したっぱの日常

きりたんぽ

文字の大きさ
15 / 20
第1章

宰相

しおりを挟む
「少年じゃねえよ! だから馴れ馴れしかったのか! 俺は『ヒトの少年』じゃなくて『ドワーフの長老』だ。頭が高え!」

「ハハーッ」

 あっ、咄嗟に土下座をしてしまった。「頭が高い」なんて言うから反射的にこの体勢になってしまったじゃないか。

 お辞儀じゃ最敬礼をしたとしても俺の方が頭が高いからね! あんまり下げると前屈になる。ふふ…笑っちゃダメだ。

「はぁ…お前、ドワーフを知らねえなんざ信じらんねえな。町に行けば必ず、山奥にすらひとりはいるってのに…どんな田舎から来たんだよ」

「あはは…」

 ジトッとした視線を向けられて咄嗟に笑って誤魔化したら余計に怪しまれた。
 しまった。さっきの質問が大丈夫だったから油断したな。これ以上変に誤魔化すよりも、ここはある程度正直に言ってしまった方がいいだろうか。

「俺、てっきりドワーフってもっと筋肉がムキムキでハンマーを担いでると思ってたんだよ。だから七尾…サンがドワーフだって気づかなかったんだ」

「そりゃドワーフじゃなくてドワーフ族だろ。あいつらはドワーフを名乗っちゃいるが俺らとは別モンだ。魔術と呪術くらい違うな」

「喩えがわからないよ…」

 ドワーフ?ドワーフ族?何が違うの…








 ところ変わって、ただいま自由人宰相さんの仕事部屋その2(正確には執務室というらしい)に向かい中。
 仕事部屋その1ってどこなんだろう。

 本来なら必要な煩雑な手続きなんかは、七尾サンがさっき呼ばれていったときについでにやってくれたらしい。ありがたや。
 帰ってくるのが遅かったのはそのせいだったんだとか。「必要以上に手間取った」と言っていたけれど、一国の宰相さんに会うならいろいろと面倒なことがあるんだろう。
 むしろ、この短時間に許可が出たことが驚きだ。エラい人ってもっと腰が重いと思ってたよ。


 七尾サンのことについてもいろいろと聞いてみた。

 子ども扱いするなとプンスカする姿はどうみても拗ねている小学生なのに、実際の年齢は人間でいうと700歳をとうに超えているらしい。
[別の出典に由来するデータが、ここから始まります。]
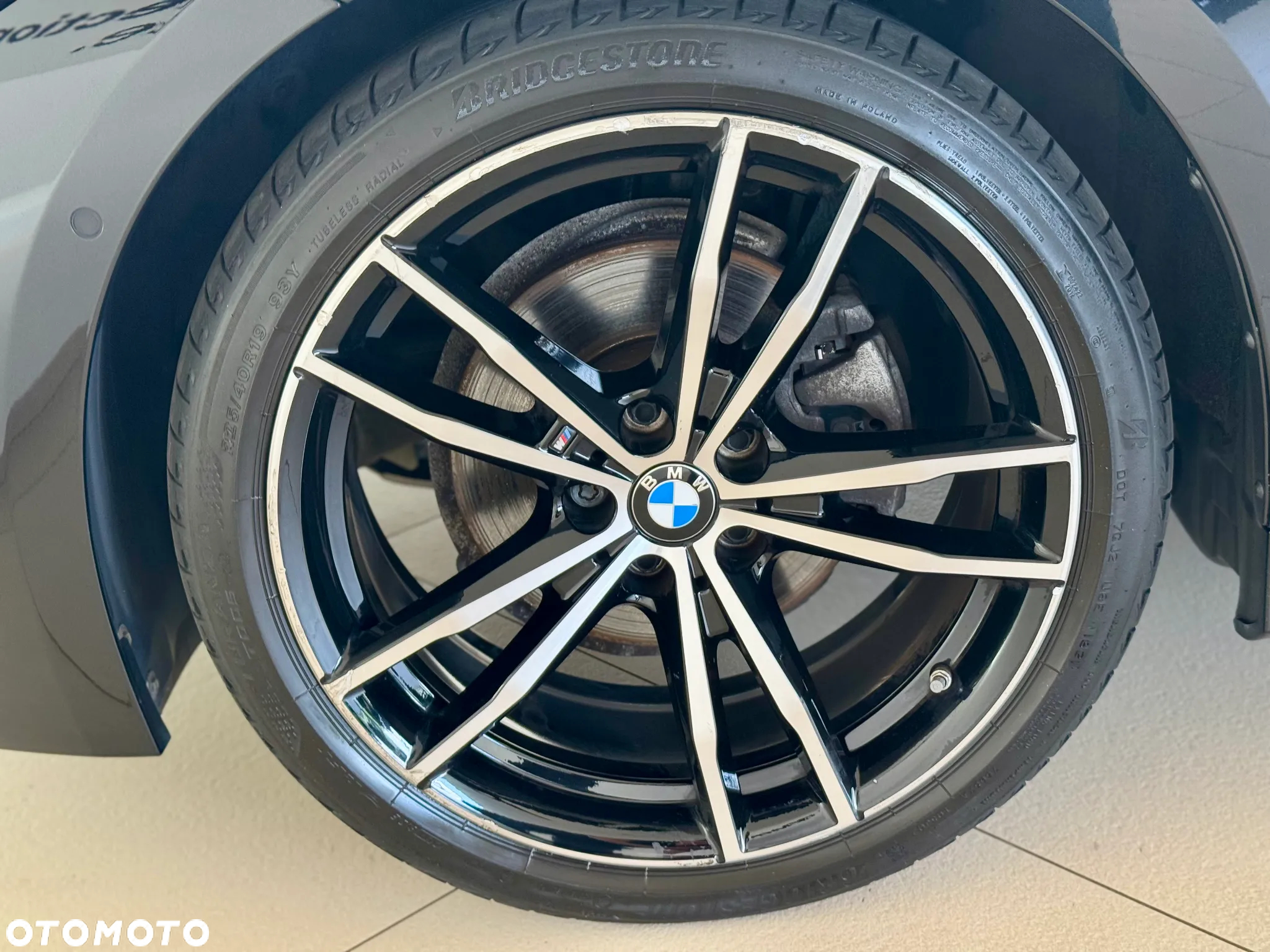 BMW Seria 3 320d xDrive M Sport sport - 4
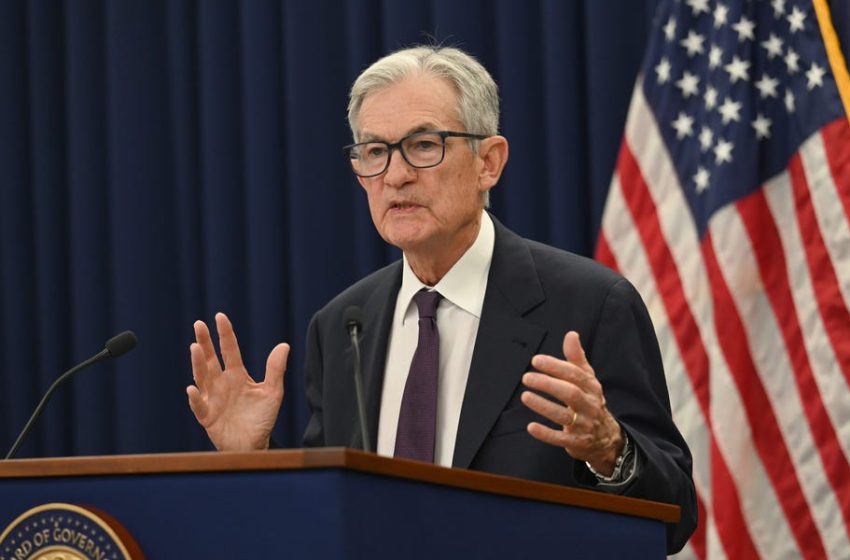  Fed Meeting Live Updates: Interest Rate Hold Likely As Oil Prices Soar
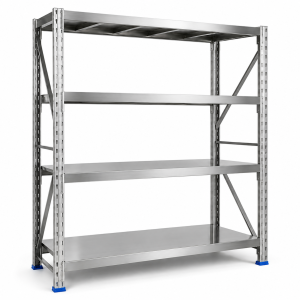 304 Stainless Steel Storage Shelving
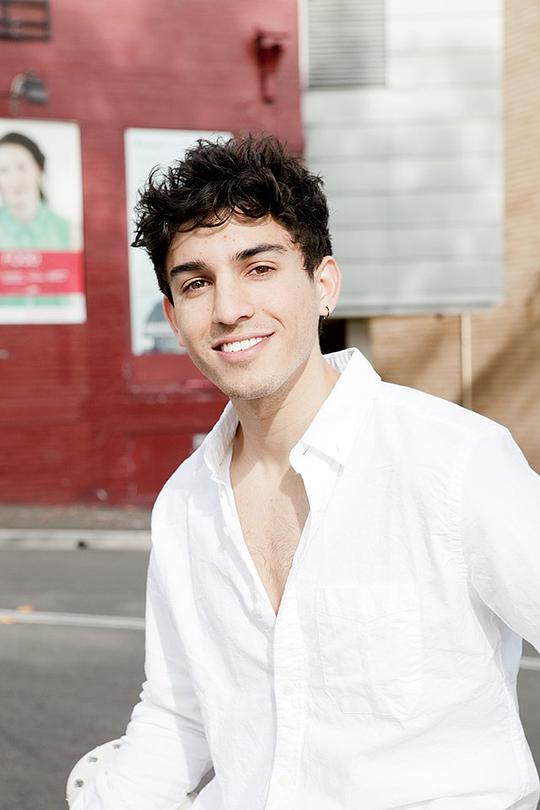 杰米·沃德 Jamie Ward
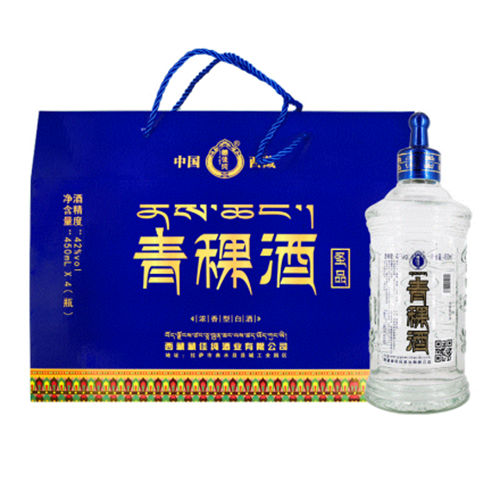 42度藏佳纯青稞酒圣品450ml4瓶整箱一般市场价格(42度藏佳纯青稞酒圣品450ml4瓶整箱价格和图片)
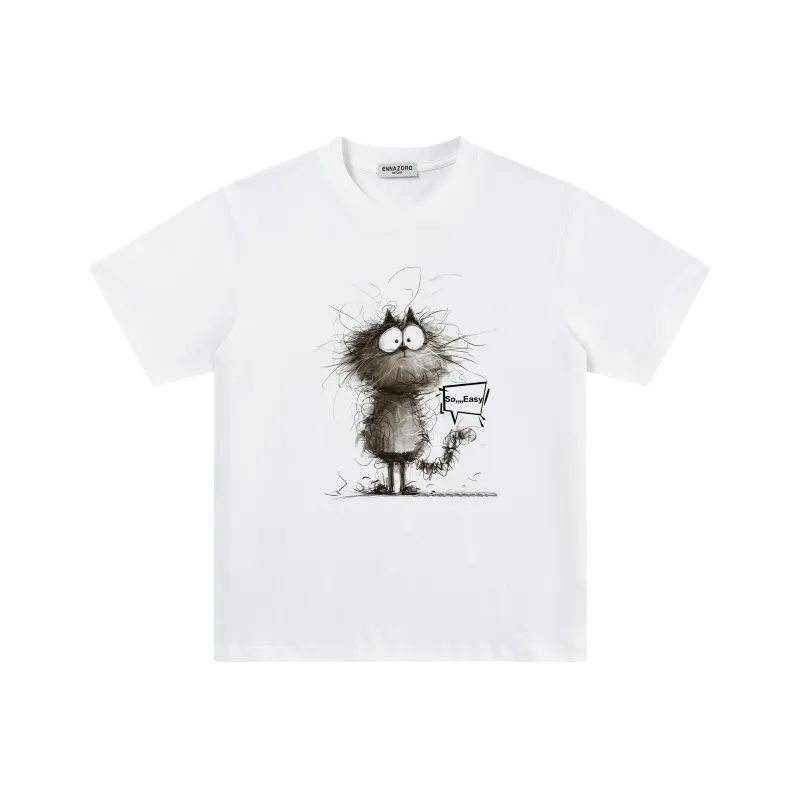 ENNAZORO T Shirts Unisex-0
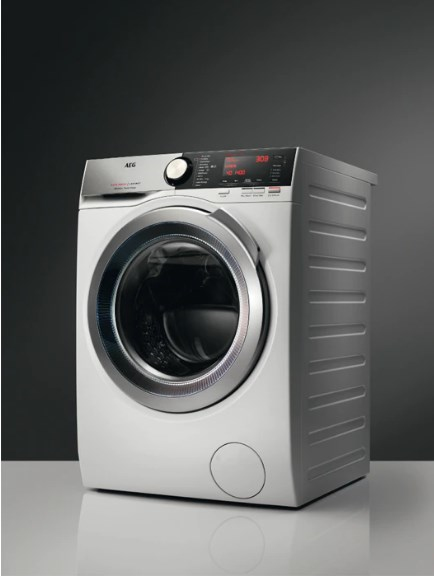 AEG L8FSC162X washing machine Front-load – image 6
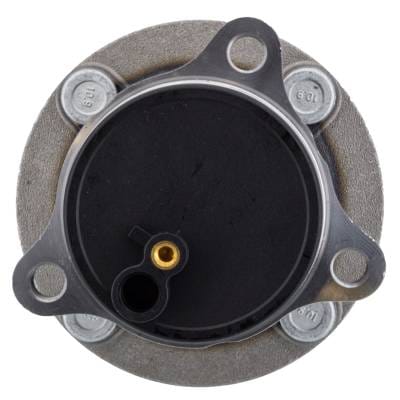 Rear Hub Bearing Assembly Compatible With 2017-2020 Fiat 124 Spider 4-Lug Abs 68313216Aa 590790 thumbnail 8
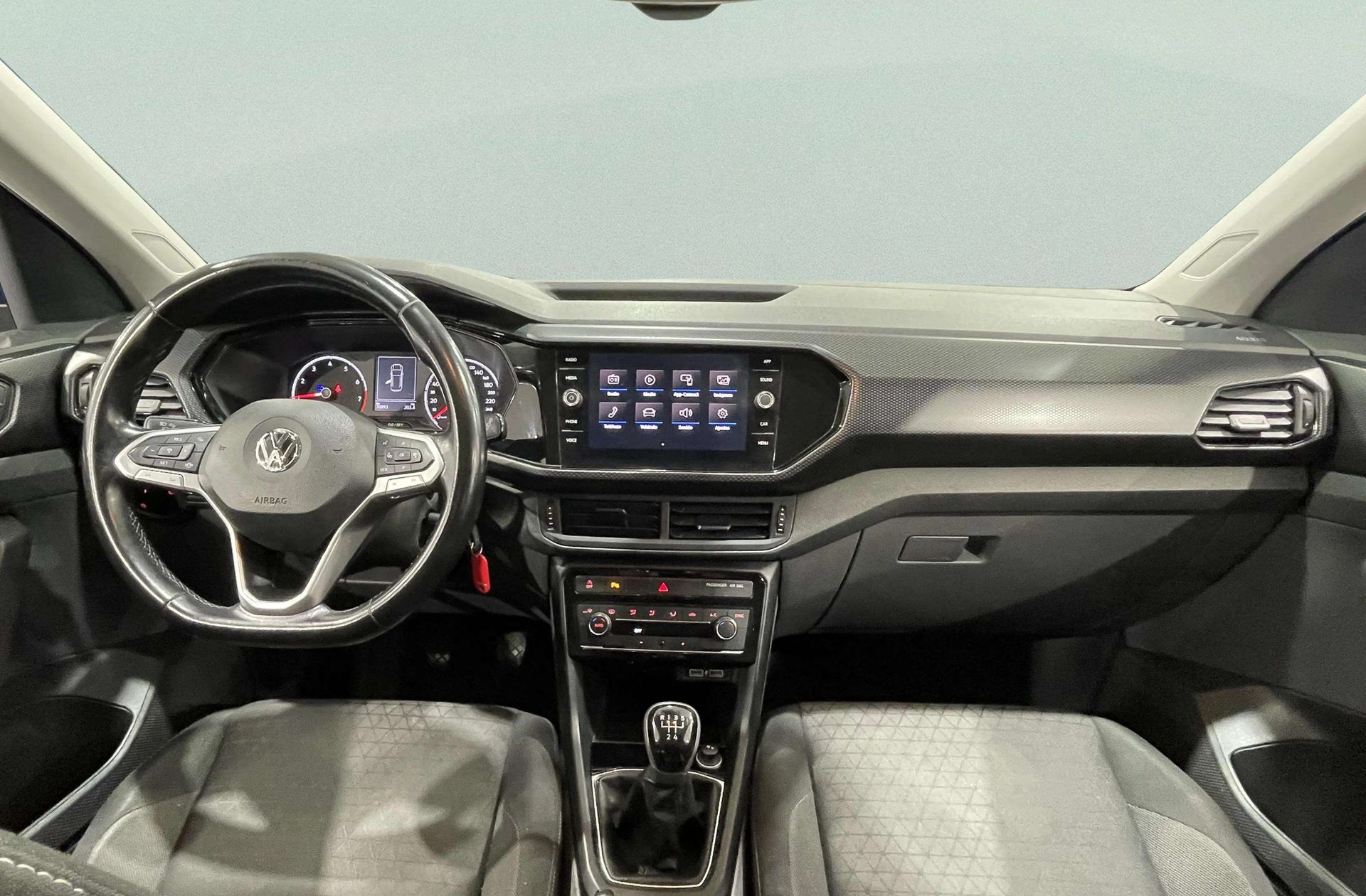 Volkswagen T-Cross Advance 1.0 TSI - foto 6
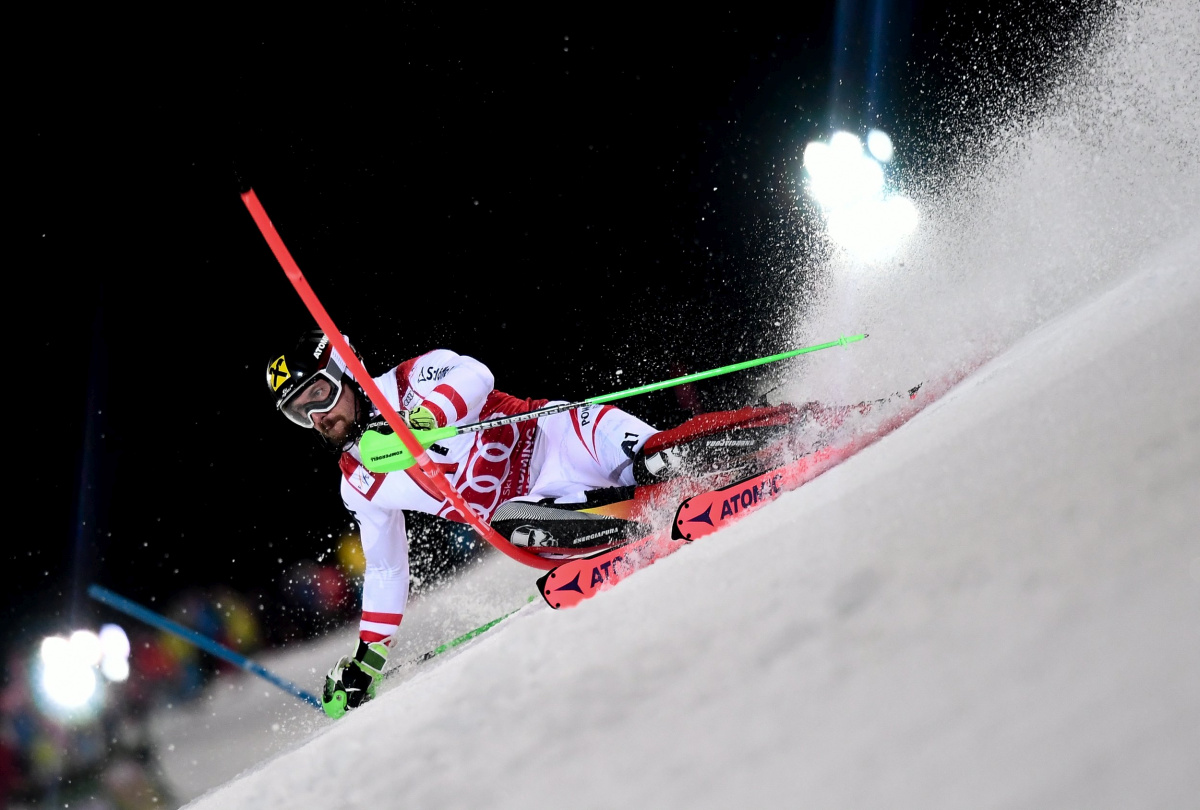 Hirscher za 39 stotinki pobijedio Kristoffersena u Schladmingu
「どういう計算なのか」とか「人間で700歳ってとっくに寿命迎えてるよね」とか、聞きたいことはたくさんあるけれど、とりあえずゼロふたつ多くない?

 あまりにプンスカするので出来心でお爺ちゃん扱いをしてみたらちょっと嬉しそうだった。どうやら普段からよく子ども扱いされているらしくて、年長者(年長さんじゃなかったんだね!)として接してもらえるならお爺ちゃん扱いでもいいらしい。
 あまりに不憫でこっそり目頭を押さえたのは七尾サンには内緒だ。



 閑話休題。


 とうとう俺を拾ったという宰相さんに会えるのかと思うとドキドキしてきた。マッチョかな?マッチョじゃないのかな?

「宰相さんってどんな人なのかなぁ。俺、拾ってもらったときは気絶してたみたいでさ、全然覚えてないんだ。マッチョだったりヒゲが生えてたりするのかな?」

 すごく気になったので隣を歩く七尾サンに声をかけてみたら、「ヴィー様はなぁ…」と、遠い目になった。
 哀愁漂ってるね。人のいない夕方の海辺を幻視するよ。

「見た目は筋肉質でもジジイでもなく普通なんだが性格がなぁ…。できれば関わらないのが一番なんだが…まあ、お前はもう無理だな。諦めろ」

「やめて! そんな憐れむような目でこっちをみないで! ものすごく不安になるから!」

へようこそ。先輩として歓迎するぜ」

「いやだ。絶対ロクなことじゃないだろう! なあ! 目を逸らさないで!」




「着いたぞ。ここだ」

 廊下でやいのやいのと言っているうちに目的地に到着していた。
 タイミングからみて話をぶった切られた気がするけど気のせいかな。気のせいだよな。

 ここまで来る間、誰一人として廊下ですれ違わなかった。誰もいないのか? 石壁だからか広いからか、人の気配が全く感じられない。まさかこの広い城に数人しかいないなんてことはないと思うんだけど。

 宰相さんの部屋のドアは俺のいた部屋のドアの比ではないくらい装飾が豪華だ。隣近所の部屋のドアとも違うから、いかにも「特別です」といった趣だ。迷路の奥で見た門みたい。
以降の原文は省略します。